時事等の社会問題から何気ない日常の出来事まで幅広くテーマを取り上げ、自己のオピニオンを綴り公開します。

トシちゃん、あなたは“ビッグ”です。

2010年11月02日 | 自己実現
 「原左都子エッセイ集」において、 トシちゃん を取り上げて論評する日が来る事を著者の私とて予想していなかったのであるが、先だって朝日新聞オピニオンページの「耕論」欄において現在の トシちゃん の興味深いオピニオンを発見したのだ!

 世の中には トシちゃん と名乗る人物は多数存在するであろうが、今回取り上げるトシちゃんとは、歌手の 田原俊彦氏 のことである。


 トシちゃんをマスメディアで見なくなってもう久しい。

 1980年に歌手としてデビューしたトシちゃんは、当時「たのきんトリオ」と称された近藤真彦氏、野村義男氏と共に、80年代の男性トップアイドルとして芸能界において揺ぎない地位を築いていた。 
 この頃の原左都子はもう既に「売れ残り」と後ろ指を指される年代に達そうとしていた時期である。 もはや男性アイドルにうつつを抜かす年頃は通り過ぎていたのであるが、そんな私の目にもブラウン管に映るトシちゃんは可愛かったものだ。  しかもトシちゃんのダンスは本物だった。

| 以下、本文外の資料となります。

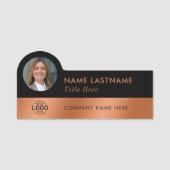 Ihr Foto Logo Sleek Imitats Kupfer Schwarz Stilvol Namensschild (Vorderseite)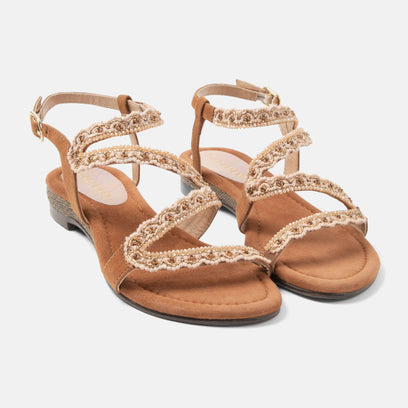 Camila Dames Sandalen Suede Cognac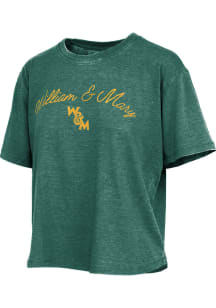 Pressbox William & Mary Tribe Womens Green Burnout Short Sleeve T-Shirt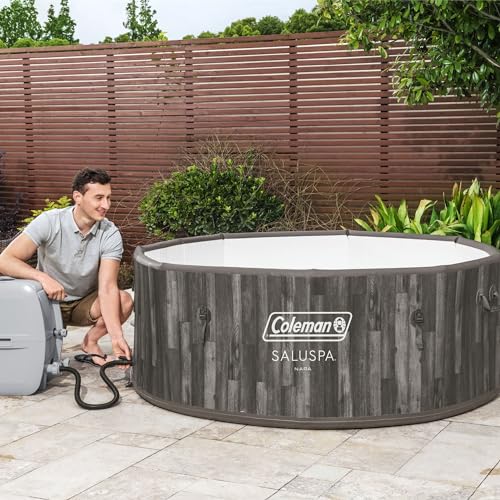 Coleman SaluSpa Napa AirJet 2 to 7 Person Inflatable Hot Tub Round Portable Outdoor Spa with 180 Soothing Jets with Cover, Gray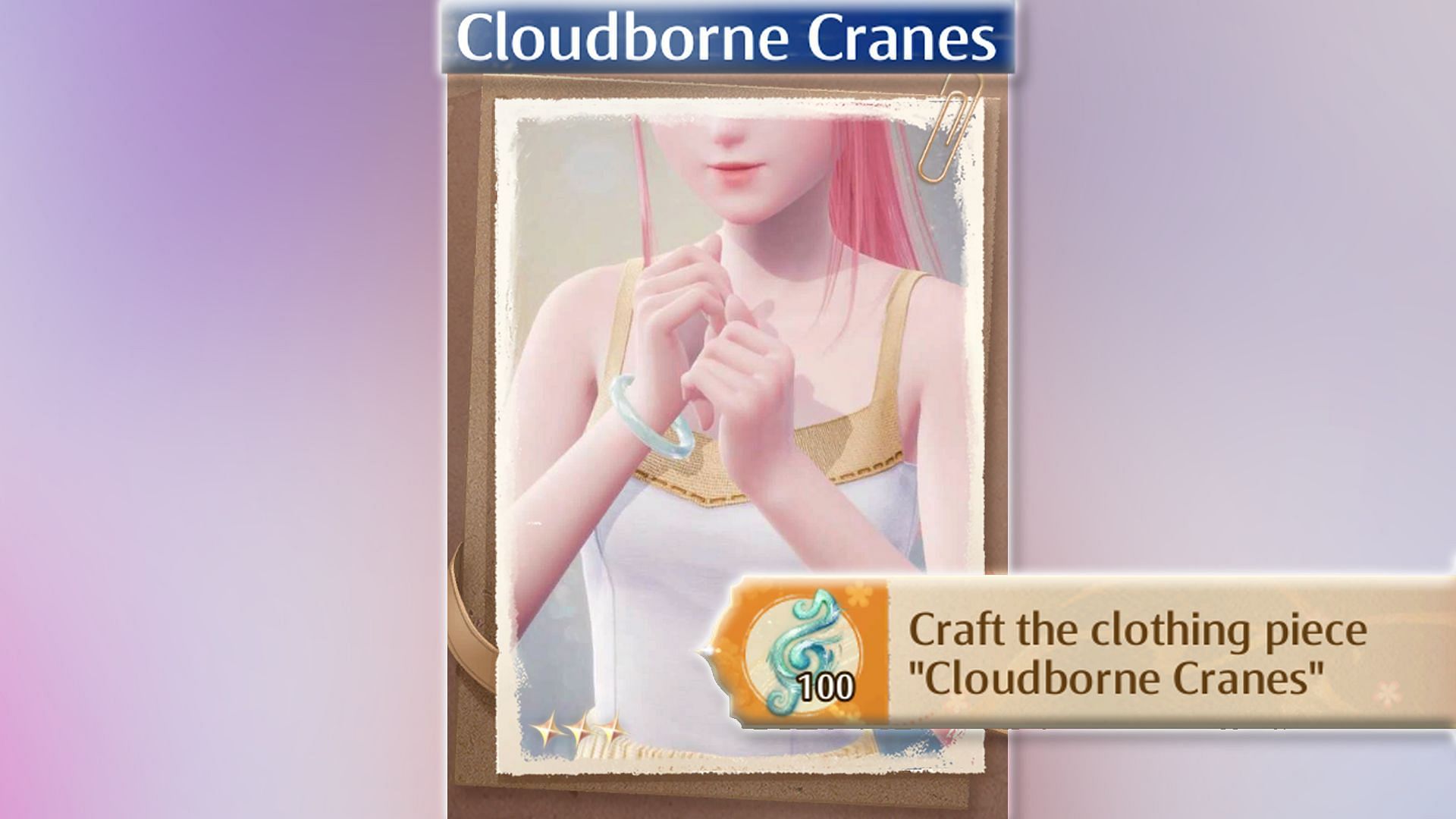 Guide on how to craft Cloudborne Cranes in Infinity Nikki (Image via Infold Games)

歌に関しては高い評価を得ていなかったように記憶しているが、あの本格的なトシちゃんのダンスには元々ダンス好きの私も唸ったものである。

 マッチこと近藤真彦氏に関しては、80年代アイドルの地位を退いた後も今尚マスメディアを通して見かける機会がある。 彼の場合本業(?)である歌手としてもまだ活躍している傍ら、レーサーやトライアスロンの選手として自身の夢を追いかけ続けているようだ。 その姿や受け答えをメディアを通して垣間見るに、その意思の強さが本物である証拠のごとくの研ぎ澄まされた彼の内面に触れる思いがして、同じく物事に対する達成欲の強い私も刺激をもらったりもする。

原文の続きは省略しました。